“How’s Your Church Doing?”

From Leadership Journal

God’s plans for your church may be bigger than you imagine
John Ortberg

Somebody asked me recently: “How’s the church going?”

How do you answer that?

Is it going well if you make the budget? Or fill a building? Or beat last year’s average attendance? Is it determined by comparing your congregation to how other churches are doing?

Of course the tricky part is figuring out how God thinks we’re doing. What does he want of us?

I can think of three possible gauges that might guide our response.

Blessings

The first is what might be called “The Blessing Quotient.” How much has God blessed your church?

Jesus said: “From everyone who has been given much, much will be demanded; and from the one who has been entrusted with much, much more will be asked (Luke 12:48b).

Would your church be in that category of those which have been given much? Start with the gift of freedom to gather and worship. Then think about the gifts of experience, relationship, education, financial resources, technological resources, creativity, and vocational backgrounds. Think about the networks and the learning opportunities and the sheer energy members of your church and staff possess. These are all gifts from God.

On a scale of 0 to OTC (Off the Charts), what would you say is the Blessing Quotient of your church? Do you fall closer to the “0” or the OTC end of the spectrum?

Needs

Next variable: again from God’s perspective, what would you say the Spiritual Need Quotient of your part of the world would be?

Think about the number of people who don’t know God, who aren’t part of a faith community. Think of the lonely people, the marginalized people, the elderly, the isolated, the confused, the recently divorced, the jilted, the misfits, the “successful” hedonists.
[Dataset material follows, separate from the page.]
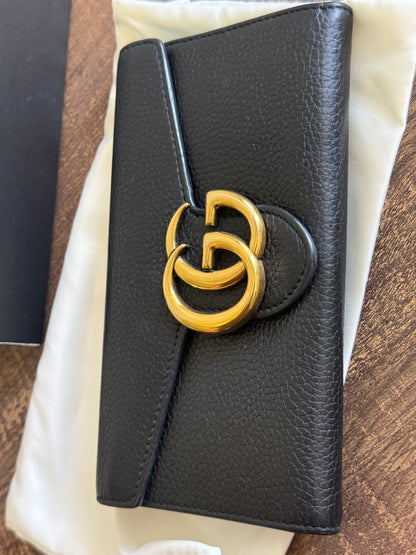 GUCCI MARMONT BLACK LONG WALLET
Think about God. He loves every human being alive with infinitely more love than I can imagine. When God sees broken families, kids on the streets, sexual confusion and promiscuity, rampant greed, cynicism and crime, people who know nothing of Jesus, people who ignore issues of sin and repentance, not because they’ve thought them through, but because they just live in a secularized culture …

How do you think God would assess the Spiritual Needs Quotient of your part of the world: scale of 0 to OTC?

Multiplication

One other variable: let’s call it the God Multiplier Quotient.

When people humbly offer what they have to God, he multiplies it. A little boy gives five loaves and two fish, and Jesus multiplies it to feed 5000. Jesus tells a parable about sowing seed: Some people … hear the word, accept it, and produce a crop—30, 60, even a 100 times what was sown (Mark 4:20).

Would a merger be right for your congregation?

The real worth of human contributions is when they get caught up in the divine multiplier effect:

What level of multiplication does God want to use with your church? Is it 30, 60, 100? Pick a number.

Through God’s eyes

What do you think God aspires to for your church?

It’s not: “Last year plus 5 percent”

It’s not: “Hope they have nice services and full rooms.”

It’s not: To look like what the culture says a successful church looks like.”

No, it’s “Off the Charts,” and multiplied!

What does that look like?

We have a Founder and Savior and Leader who has already done the math. This question is not up to us. We don’t get to set the bar in a way that will make us feel more comfortable.

Who is your competition?

I was talking with somebody in our church recently about his work. He said: “Publicly we would talk about excellence and quality and service, but the reality was we would wake up every morning and think: ‘How can we put the competition out of business?’ We didn’t put this on our website. But we wanted to demoralize and defeat the competition”

It’s not other churches. Every church is our partner and ally. Thank God for Lutherans and Episcopalians and Methodists and Quakers and Congregationalists and Non-denominationalists. Jesus, our Founder and Leader, defined the competition: “I tell you that you are Peter, and on this rock I will build my church, and the gates of Hell will not prevail against it.” (Matthew 16:16ff)

In other words, our competition is hell. Hell is at work wherever the will of God is defied.

Every time a little child is left unloved, unwanted, uneducated, unnoticed. Every time a marriage ends. Every time racial differences divide a street or a city or a church. Every time money gets worshipped or hoarded. Every time a lie gets told. Every time generations get separated. Every time a workplace becomes de-humanizing. When families get broken up. When virtue gets torn down. When sinful habits create a lives of shame or a culture of shamelessness. When faith gets undermined and hope gets lost and people get trashed. That’s when hell is prevailing.

It is not acceptable to Jesus that hell prevail. Your job is not to meet a budget, run a program, fill a building, or maintain the status quo. Your job is to put hell out of business.

That’s what it means for your church to do well.

John Ortberg is editor at large of Leadership Journal and pastor of Menlo Park Presbyterian Church in California.